So how can JavaScript and WebAssembly help?

Elegant Syntax

Surprisingly, yes! The posts referenced above clearly demonstrate how JavaScript
can be written in a manner which elegantly represents vector-arithmetic.

Speed

With WebAssembly there is no significant compromise in speed over natively
compiled languages.

Bindings

With other languages a binding must be written to integrate a package
into the language. In many cases this is completely unnecessary for
WebAssembly.

Fortran

In my opinion this is the killer advantage. There are a huge number of key data
science libraries implemented in many different flavours of Fortran. Binding to
these libraries is an ongoing and fraught task.

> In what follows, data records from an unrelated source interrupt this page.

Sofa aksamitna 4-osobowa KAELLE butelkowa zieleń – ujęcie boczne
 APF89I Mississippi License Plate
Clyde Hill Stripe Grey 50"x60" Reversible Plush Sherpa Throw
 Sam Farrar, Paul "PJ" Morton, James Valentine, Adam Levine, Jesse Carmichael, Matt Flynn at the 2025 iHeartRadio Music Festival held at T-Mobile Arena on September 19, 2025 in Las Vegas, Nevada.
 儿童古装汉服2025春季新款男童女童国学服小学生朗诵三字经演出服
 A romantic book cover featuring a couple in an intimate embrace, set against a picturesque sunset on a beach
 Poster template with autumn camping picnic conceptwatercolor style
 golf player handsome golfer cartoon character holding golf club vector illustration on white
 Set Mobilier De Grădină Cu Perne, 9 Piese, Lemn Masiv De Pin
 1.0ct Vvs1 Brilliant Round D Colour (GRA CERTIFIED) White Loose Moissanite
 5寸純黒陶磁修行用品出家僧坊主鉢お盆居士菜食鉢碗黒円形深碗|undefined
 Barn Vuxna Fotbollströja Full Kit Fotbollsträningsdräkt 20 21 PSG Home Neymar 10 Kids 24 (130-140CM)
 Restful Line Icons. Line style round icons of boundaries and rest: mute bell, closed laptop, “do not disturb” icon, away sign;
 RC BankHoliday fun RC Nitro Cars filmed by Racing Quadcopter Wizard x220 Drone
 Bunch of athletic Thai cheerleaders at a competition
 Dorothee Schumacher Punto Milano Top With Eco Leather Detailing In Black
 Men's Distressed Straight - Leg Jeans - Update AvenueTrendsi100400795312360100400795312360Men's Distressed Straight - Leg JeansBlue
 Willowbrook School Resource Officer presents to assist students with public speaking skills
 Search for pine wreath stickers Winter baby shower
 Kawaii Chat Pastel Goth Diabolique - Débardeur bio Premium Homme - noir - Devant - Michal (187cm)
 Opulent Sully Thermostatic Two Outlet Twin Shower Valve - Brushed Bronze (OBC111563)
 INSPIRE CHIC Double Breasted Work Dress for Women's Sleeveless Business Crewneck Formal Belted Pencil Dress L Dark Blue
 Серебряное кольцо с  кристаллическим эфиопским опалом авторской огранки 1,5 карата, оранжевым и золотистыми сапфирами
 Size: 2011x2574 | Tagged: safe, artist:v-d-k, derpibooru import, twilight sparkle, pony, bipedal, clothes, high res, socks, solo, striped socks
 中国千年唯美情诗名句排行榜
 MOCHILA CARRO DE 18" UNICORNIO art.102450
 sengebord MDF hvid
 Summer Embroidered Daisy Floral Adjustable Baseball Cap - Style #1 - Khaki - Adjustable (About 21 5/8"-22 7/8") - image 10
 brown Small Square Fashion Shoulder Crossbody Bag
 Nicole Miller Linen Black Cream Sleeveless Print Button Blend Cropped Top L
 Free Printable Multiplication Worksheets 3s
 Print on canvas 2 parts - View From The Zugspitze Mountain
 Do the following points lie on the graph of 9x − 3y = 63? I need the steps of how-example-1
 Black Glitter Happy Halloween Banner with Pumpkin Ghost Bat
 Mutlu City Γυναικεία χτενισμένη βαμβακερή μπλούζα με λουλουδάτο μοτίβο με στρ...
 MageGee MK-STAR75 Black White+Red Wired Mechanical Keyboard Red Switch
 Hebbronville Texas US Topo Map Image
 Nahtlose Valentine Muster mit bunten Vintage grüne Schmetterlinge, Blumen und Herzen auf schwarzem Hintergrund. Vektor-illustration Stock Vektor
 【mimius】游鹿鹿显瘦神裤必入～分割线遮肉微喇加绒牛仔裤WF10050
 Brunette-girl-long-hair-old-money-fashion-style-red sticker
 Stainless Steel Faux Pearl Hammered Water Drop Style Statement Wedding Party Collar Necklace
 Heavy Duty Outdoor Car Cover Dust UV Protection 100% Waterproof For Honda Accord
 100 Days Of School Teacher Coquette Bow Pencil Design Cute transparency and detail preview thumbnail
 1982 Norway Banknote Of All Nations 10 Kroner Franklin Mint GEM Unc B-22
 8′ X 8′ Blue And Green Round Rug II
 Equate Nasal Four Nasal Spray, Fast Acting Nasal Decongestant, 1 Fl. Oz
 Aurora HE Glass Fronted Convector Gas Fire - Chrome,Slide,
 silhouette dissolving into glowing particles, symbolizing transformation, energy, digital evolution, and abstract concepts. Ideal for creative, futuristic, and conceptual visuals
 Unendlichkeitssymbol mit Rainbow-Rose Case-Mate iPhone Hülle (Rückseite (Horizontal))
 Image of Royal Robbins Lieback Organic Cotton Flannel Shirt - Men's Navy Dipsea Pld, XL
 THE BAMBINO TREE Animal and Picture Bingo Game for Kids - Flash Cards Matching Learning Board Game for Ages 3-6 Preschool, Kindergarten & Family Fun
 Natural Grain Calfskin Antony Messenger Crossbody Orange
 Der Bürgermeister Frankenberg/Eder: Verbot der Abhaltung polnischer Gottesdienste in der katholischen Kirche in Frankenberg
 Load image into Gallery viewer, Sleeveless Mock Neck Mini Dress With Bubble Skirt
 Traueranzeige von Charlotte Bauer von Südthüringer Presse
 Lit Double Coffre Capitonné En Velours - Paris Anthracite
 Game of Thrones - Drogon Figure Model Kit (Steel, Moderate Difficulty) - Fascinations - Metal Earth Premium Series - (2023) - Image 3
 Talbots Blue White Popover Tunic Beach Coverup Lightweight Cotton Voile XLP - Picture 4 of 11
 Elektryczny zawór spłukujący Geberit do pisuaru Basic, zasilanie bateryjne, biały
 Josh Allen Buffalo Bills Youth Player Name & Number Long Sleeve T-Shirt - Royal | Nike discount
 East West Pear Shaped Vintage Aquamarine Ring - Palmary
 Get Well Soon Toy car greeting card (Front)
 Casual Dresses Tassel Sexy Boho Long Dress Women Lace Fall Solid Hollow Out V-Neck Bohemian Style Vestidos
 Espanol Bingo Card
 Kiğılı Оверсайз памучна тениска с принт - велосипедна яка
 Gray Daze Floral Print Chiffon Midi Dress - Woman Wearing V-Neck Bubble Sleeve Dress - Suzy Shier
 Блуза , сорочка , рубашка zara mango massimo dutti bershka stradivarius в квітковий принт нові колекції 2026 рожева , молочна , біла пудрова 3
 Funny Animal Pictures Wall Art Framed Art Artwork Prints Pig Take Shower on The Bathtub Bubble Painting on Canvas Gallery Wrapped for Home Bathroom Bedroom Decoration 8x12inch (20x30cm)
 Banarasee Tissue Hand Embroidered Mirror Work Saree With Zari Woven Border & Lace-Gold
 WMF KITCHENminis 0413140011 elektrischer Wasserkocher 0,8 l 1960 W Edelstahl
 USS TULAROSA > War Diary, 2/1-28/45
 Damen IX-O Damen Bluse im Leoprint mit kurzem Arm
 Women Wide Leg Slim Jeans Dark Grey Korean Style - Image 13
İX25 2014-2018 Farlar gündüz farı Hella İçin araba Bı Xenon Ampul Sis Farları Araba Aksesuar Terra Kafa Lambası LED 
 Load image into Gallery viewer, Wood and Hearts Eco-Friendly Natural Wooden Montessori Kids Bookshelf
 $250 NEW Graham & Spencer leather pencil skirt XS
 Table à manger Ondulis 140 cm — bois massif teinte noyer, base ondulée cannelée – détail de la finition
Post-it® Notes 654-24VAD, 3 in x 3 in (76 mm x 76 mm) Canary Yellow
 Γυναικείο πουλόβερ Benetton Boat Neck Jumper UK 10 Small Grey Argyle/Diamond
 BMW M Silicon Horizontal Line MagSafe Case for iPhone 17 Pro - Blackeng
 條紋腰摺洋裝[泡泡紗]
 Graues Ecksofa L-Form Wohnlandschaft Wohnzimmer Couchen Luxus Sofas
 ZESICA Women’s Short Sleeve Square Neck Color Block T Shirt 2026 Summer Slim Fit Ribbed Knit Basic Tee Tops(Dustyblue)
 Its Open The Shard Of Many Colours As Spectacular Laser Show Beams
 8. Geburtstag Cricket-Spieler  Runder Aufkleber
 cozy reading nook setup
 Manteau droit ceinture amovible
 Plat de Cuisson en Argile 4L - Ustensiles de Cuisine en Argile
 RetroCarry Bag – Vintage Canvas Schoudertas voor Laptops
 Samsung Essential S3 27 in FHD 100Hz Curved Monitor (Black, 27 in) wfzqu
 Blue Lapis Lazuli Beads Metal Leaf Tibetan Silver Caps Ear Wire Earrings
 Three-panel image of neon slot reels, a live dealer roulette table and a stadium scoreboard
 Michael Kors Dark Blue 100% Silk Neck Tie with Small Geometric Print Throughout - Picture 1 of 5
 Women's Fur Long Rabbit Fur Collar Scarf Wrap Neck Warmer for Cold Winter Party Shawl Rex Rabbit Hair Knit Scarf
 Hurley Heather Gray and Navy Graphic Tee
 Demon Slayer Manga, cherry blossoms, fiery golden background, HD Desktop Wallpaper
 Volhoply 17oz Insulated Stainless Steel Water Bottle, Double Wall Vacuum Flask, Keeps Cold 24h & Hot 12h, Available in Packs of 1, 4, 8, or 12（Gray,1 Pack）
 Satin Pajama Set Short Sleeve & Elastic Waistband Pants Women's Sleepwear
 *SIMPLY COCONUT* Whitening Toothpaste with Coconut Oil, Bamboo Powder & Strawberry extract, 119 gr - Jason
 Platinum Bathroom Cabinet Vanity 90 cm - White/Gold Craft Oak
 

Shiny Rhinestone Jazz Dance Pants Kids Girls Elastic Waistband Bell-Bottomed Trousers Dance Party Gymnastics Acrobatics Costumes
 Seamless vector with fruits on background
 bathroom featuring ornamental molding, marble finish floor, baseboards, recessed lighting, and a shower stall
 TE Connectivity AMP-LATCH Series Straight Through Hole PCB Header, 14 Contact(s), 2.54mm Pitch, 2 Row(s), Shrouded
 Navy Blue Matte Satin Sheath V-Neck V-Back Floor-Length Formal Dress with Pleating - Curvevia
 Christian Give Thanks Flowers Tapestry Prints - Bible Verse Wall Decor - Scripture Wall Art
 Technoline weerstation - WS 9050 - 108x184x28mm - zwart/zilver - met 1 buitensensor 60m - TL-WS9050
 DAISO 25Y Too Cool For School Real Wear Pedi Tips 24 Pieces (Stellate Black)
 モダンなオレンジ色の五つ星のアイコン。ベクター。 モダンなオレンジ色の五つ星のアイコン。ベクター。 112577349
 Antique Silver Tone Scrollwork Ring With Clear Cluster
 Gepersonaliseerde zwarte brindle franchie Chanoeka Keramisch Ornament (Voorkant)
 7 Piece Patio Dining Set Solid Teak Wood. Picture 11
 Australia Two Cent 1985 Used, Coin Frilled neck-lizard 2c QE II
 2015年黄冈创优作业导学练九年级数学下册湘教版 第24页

Happily LLVM (a language compiler supported by the majority
of operating systems) is currently incorporating
flang
(a Fortran compiler) into it’s toolchain, supporting all versions of Fortran
up to and including 2018. This provides the possibility of compiling any
Fortran package directly to WebAssembly.

The Catch

The first catch is operator overloading. I’m not sure if “catch” is the right
word. My solution using the babel transpiler works fine,
and transpiling is how React (one of the most popular web
frameworks, which uses custom syntax in JavaScript) does and will always work.
There is a proposal
to incorporate operator overloading into JavaScript (currently at stage 1 where
3 means acceptance), which leads me to believe it is a feature which my become
native to the language.

The second catch is the standard library. You’ll note if you’ve read the
previous posts that I had to provide a memory allocator as this is not available
in the WebAssembly environment. WebAssembly is just a virtual machine, and at
present it doesn’t come with the usual support code which most libraries depend
on. This is all being built out at the present in the form of
wasi, but it’s not here yet.

Lastly flang isn’t in the current stable release of LLVM. It was
incorporated in the repo in November 2019,
and I would expect it to be in the next major release.

Do I Want to Write in JavaScript?

Personally I don’t care what language I write in, as long as it doesn’t get in
the way of the problem I’m trying to solve. Because of the low cost of entry,
JavaScript has become ubiquitous, and so it’s level of documentation and support
is huge, which I like.

If it provides seamless access to the packages I need I’m a buyer.